Business , chart , digitalmarketing , Social-Media
Social media. It’s a minefield of data. From likes to shares, pins to loves, celebrations, dislikes, retweets… the sheer number of metrics is overwhelming.
But every like, comment, share or retweet is a sign of how well your social media marketing activities are doing and proof of a strong return on investment, right? Well, no. Not according to the C-suite.
The board is becoming increasingly frustrated with meaningless metrics that don’t help to reach business goals or translate into revenue and it’s affecting their perception on the worth of digital marketing in general.
The harsh truth is that likes, shares and engagement rates don’t matter to the board. In the Bango Board to Death survey 76% of chief executive officers (CEOs) said they don’t care about retweets, 65% are not interested in likes and 76% said they don’t care about impressions.

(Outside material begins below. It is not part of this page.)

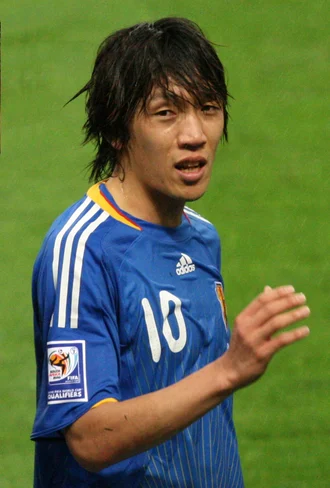 Shunsuke Nakamura height profile photo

Nearly half — 42% and 40% respectively — of CEOs surveyed saw generating new customers and increasing profits as the most important objectives of marketing. Despite this, 59% said that social channels don’t generate sales for their businesses and 77% don’t see digital advertising as a reliable source of new customers or sales.
Clearly social media marketing is failing to prove it’s worth to the people that matter. And with 62% of CEOs believing too much marketing budget is wasted on activities that don’t deliver meaningful results, it’s time for marketers to reassess their social media marketing strategies.
But the good news is, this doesn’t mean ditching social media altogether.
Why is social media success not translating to revenue?
Social media marketing campaigns can add value, but only when they are targeted at people who actually want to buy your product.
Most social media campaigns run on platforms like Facebook, Instagram and LinkedIn are targeted based on information such as age, job, gender, likes and even people’s search terms.
While this information may provide some insight into the kinds of things certain demographics are interested in, it’s not a big enough indicator of intent to buy. As a result, social media conversion rates are shockingly low.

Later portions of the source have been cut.